[Records excerpted from a collection]
++++++++++++++++++++

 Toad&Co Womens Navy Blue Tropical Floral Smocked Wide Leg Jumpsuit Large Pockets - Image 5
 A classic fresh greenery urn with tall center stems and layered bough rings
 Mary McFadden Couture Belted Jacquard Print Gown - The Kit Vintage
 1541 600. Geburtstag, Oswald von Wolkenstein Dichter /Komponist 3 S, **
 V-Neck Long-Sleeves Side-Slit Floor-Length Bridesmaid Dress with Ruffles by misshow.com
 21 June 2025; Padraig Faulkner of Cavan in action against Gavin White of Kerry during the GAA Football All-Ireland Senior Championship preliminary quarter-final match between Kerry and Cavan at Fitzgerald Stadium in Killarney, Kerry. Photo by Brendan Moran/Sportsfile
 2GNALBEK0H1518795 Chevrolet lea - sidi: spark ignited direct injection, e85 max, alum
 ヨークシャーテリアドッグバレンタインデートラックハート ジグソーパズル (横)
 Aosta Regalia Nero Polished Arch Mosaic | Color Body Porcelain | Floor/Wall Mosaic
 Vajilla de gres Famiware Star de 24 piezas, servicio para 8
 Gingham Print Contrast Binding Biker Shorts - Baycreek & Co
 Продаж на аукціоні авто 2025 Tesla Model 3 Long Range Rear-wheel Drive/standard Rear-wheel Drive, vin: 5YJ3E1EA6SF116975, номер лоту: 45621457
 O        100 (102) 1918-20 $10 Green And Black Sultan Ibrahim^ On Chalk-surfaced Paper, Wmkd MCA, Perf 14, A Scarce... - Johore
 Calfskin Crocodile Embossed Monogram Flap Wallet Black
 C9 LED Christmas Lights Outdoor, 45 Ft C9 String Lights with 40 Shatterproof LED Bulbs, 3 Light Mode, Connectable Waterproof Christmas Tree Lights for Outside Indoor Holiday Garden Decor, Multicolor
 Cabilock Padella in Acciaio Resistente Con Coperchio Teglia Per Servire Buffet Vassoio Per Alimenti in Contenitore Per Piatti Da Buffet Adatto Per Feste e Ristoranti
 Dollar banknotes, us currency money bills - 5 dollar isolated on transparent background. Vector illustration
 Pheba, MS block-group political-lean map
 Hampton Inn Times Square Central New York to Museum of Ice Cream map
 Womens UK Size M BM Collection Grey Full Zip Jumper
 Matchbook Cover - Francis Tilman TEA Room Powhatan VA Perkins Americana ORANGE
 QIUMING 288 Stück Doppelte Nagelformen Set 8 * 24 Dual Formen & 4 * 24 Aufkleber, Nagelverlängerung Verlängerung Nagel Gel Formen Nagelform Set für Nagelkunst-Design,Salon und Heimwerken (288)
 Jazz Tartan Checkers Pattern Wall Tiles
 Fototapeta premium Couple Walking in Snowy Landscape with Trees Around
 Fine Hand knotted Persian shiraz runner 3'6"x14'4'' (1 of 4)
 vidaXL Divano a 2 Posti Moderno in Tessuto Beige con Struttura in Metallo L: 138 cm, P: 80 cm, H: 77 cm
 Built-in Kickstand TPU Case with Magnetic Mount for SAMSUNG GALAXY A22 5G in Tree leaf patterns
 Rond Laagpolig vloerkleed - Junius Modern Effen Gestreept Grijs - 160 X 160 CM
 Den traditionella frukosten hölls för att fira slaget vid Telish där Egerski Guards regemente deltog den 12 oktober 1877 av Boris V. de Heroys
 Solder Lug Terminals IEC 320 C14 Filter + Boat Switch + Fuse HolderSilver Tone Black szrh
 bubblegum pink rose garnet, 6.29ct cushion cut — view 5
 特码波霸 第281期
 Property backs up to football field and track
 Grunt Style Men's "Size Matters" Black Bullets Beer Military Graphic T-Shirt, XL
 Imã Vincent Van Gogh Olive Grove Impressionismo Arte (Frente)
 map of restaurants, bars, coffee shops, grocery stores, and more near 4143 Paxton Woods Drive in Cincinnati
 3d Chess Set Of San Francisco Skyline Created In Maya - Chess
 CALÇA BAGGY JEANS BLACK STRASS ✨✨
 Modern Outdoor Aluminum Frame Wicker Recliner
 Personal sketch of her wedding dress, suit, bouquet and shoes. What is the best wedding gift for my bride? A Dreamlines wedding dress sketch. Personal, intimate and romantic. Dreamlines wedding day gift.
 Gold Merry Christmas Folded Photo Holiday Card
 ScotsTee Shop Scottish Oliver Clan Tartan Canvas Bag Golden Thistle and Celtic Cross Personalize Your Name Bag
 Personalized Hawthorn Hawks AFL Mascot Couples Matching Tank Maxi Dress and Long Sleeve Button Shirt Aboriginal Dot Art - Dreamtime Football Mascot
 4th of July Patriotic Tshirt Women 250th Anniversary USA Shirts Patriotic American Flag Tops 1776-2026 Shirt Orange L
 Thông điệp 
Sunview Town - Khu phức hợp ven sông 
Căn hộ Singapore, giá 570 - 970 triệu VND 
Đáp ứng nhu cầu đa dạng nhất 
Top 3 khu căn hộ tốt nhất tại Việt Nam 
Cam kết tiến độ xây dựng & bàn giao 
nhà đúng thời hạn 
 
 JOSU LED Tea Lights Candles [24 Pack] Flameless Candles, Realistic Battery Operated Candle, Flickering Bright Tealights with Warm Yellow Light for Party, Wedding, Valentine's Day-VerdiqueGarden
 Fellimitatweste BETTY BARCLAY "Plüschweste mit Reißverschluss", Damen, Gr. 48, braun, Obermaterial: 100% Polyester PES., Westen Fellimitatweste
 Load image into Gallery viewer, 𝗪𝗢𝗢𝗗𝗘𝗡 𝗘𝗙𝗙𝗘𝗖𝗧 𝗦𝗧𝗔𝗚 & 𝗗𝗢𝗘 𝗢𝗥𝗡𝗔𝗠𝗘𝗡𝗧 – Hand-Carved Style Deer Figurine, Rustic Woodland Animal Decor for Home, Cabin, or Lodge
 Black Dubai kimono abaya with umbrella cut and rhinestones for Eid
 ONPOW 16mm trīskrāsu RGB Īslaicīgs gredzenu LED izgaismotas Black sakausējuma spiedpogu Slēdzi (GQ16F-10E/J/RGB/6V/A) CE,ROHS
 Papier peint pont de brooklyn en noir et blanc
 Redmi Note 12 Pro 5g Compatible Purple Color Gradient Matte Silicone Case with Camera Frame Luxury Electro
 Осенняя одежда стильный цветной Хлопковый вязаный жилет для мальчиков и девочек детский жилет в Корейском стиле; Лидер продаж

++++++++++++++++++++

WHAT IS BEING ASKED: List every line above that holds the word "nhất".

RESULT OF THE TASK:
Đáp ứng nhu cầu đa dạng nhất 
Top 3 khu căn hộ tốt nhất tại Việt Nam 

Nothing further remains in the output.